Automation of Data Pipelines

The goal of this activity is to familiarize you with building and managing data pipelines. Data pipelines are essential for automating data workflows, processing data at scale, and creating reliable systems for transforming and moving data between systems.

Note: Work through the examples below in your terminal (Codespace or local), experimenting with each command and its various options. If you encounter an error message, don’t be discouraged—errors are learning opportunities. Reach out to your peers or instructor for help when needed, and help each other when you can.

The in-class exercises will be introduced as instructor-led demos. Experiment with the code examples and explore the sections below on your own when you are ready. They may provide inspiration for the final projects.

In-class exercises

Cron Jobs

Cron jobs are commands or scripts that run on a schedule on Linux and similar systems (for example every minute while testing, or every day at 2:00). A background service, cron, reads your crontab—a small table of “when” and “what to run”—and starts each line at the right time. Cron is not an interactive login: it does not cd into your repo or load your usual shell config, so you normally give the full path to the script in the crontab line.

How scheduling works (big picture):

You write a script (here: 01-simple-cron.sh) that does something when it runs.
Make your script executable with chmod +x.
Note the absolute path of your script.
Open your crontab with crontab -e and add one line: the five time fields (minute through day-of-week), then that full path to your script.
A background service cron wakes up and runs your script at the times you specified.
Cron is not your interactive terminal: it does not cd into your project folder and does not load your usual .bashrc.
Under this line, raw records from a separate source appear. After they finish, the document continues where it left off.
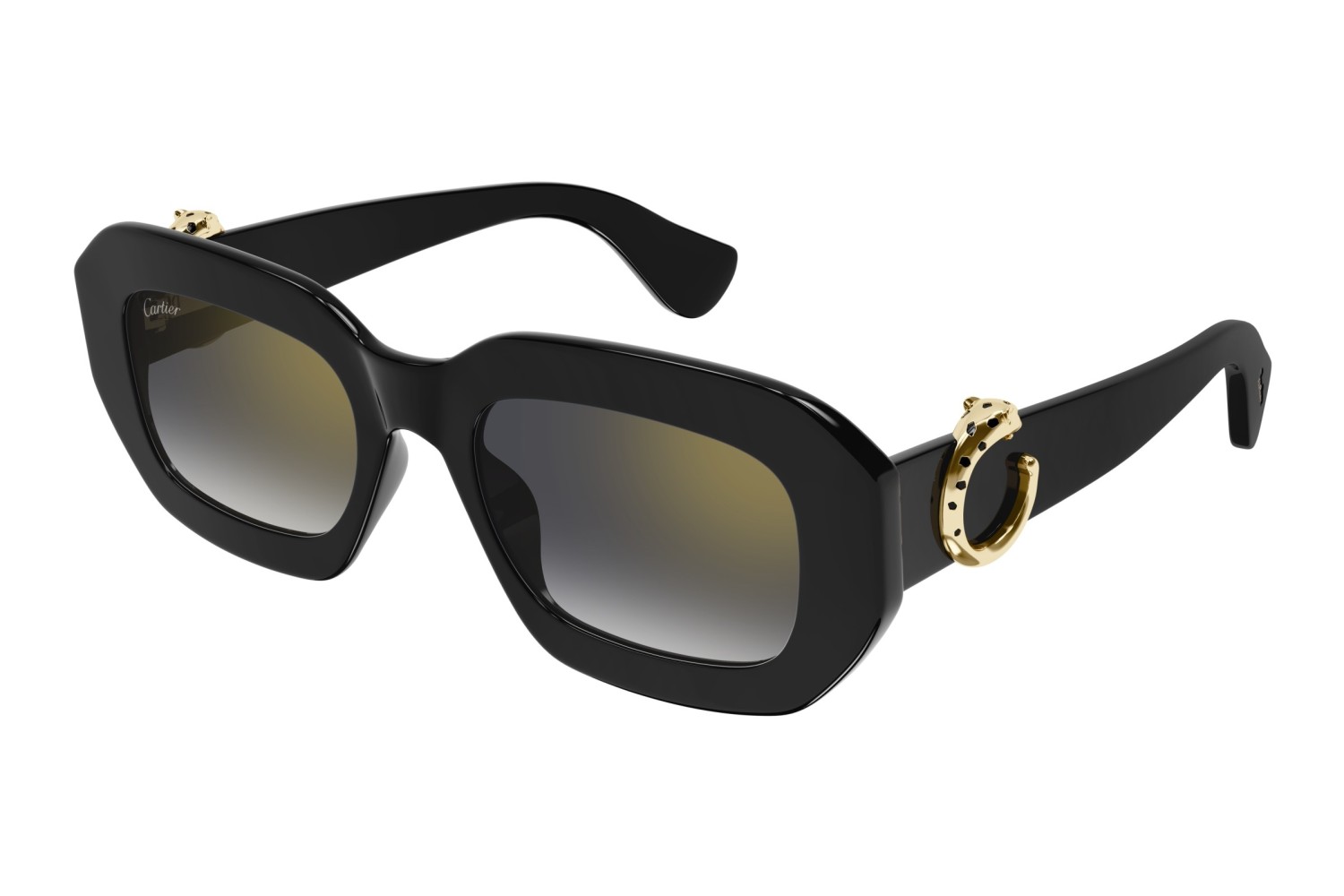 Occhiali sole Cartier - CT0546S - 001 - 52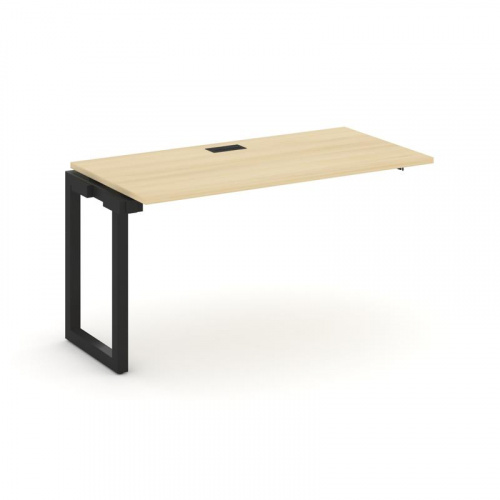 Style Project Проходной наб. элем. SN-5O.ONRS-013 Дуб Наварра/Металл Белый 1380*700*750 фото 4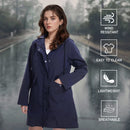 Mid-length Hardshell Jacket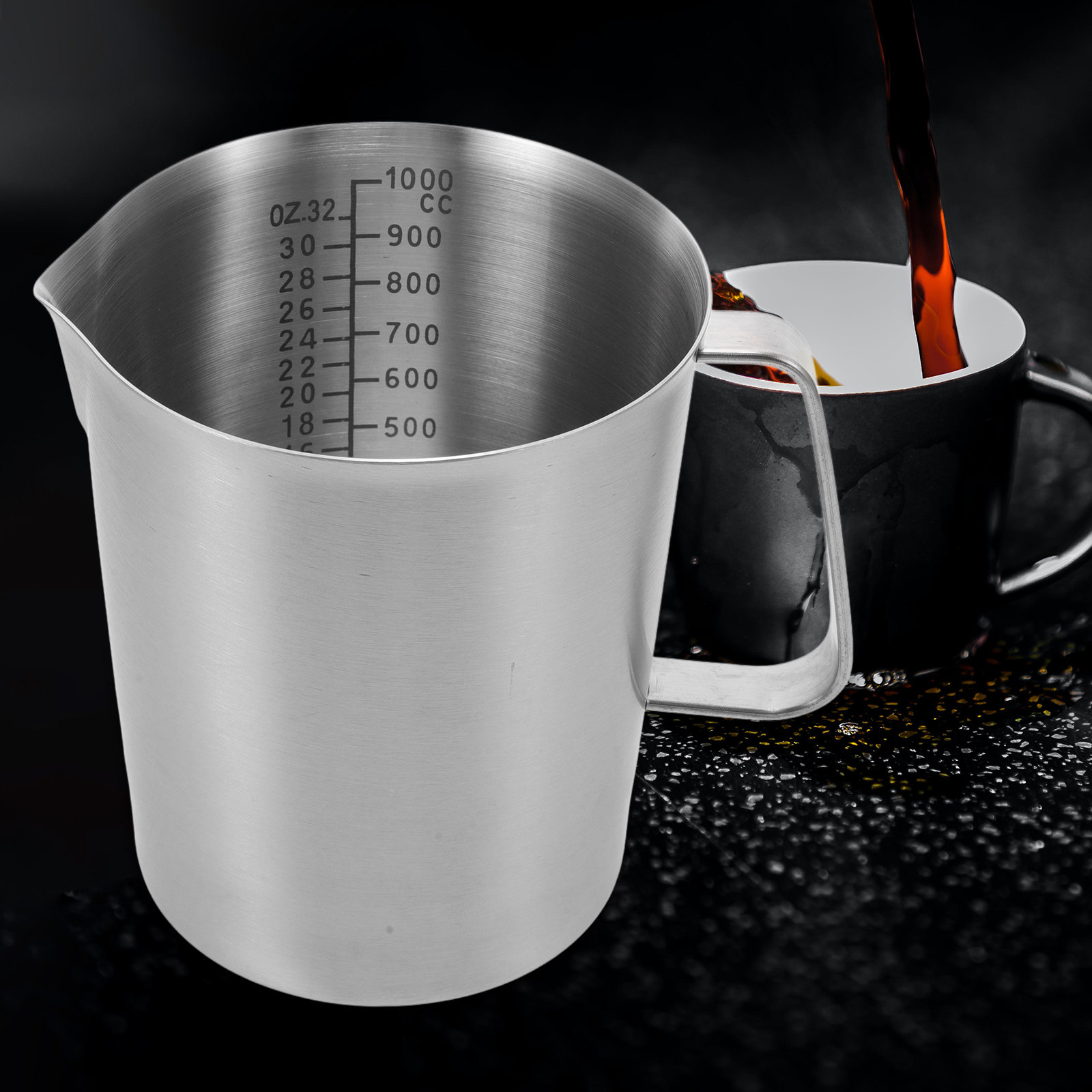 Jarra de Leche Profesional de  - Milk Steaming Pitcher reseña y precio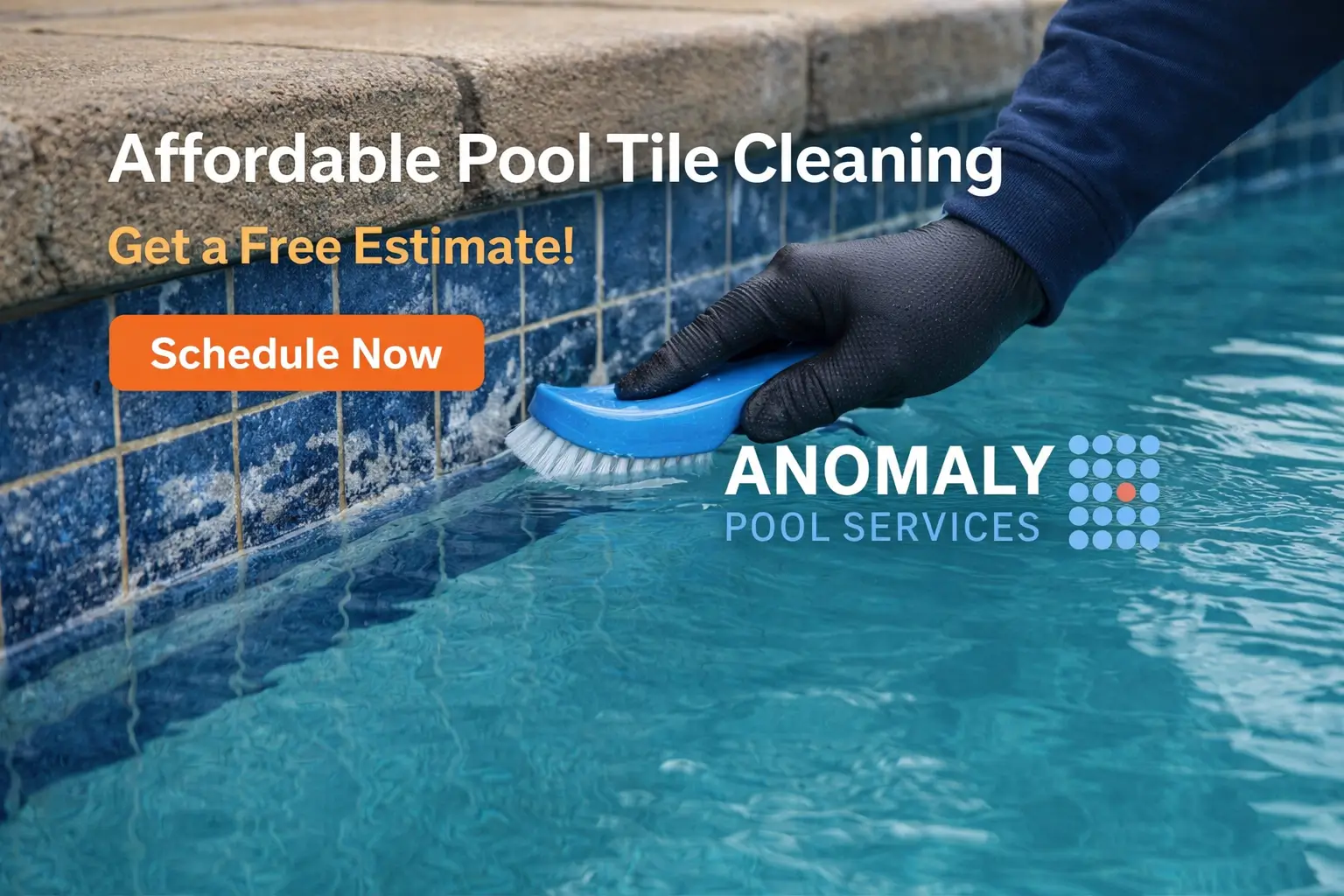 Affordable Pool Tile Cleaning: Why It's Important for Your Pool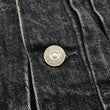 Load image into Gallery viewer, Sugar Cane Faded Black Denim Jacket SC15650H Men's 1953 Type 2 Style Jean Jacket SC15650H 419H Hard Wash
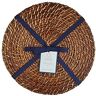 Artesa Artesà Bamboe rotan placemats, bruin, 28 cm, set van 2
That is why the crontab line must use the full path to the script (e.g. /home/mst3k/ds2002-course/practice/12-automation/01-simple-cron.sh).

The five time fields

A crontab line starts with five fields (minute, hour, day-of-month, month, day-of-week), then the command to run.

* * * * *  command goes here
│ │ │ │ │
│ │ │ │ └── day of week (0–7, Sunday = 0 or 7)
│ │ │ └──── month (1–12)
│ │ └────── day of month (1–31)
│ └──────── hour (0–23)
└────────── minute (0–59)

* means “every” for that column. So * * * * * means every minute (useful for a short test; change it later so you are not running jobs forever).

Examples:

What you want	First five fields
Every minute (testing only)	`* * * * *`
Every day at 2:30 AM	`30 2 * * *`
Every Monday at 9:00 AM	`0 9 * * 1`

Full reference: man crontab and man 5 crontab on Linux, or search for “crontab guru” online for a helper.

`01-simple-cron.sh`

01-simple-cron.sh appends one line (timestamp + process ID) to ~/cron-demo/runs.log each time it runs. After you schedule it, you can open that file and see new lines appear when cron fires.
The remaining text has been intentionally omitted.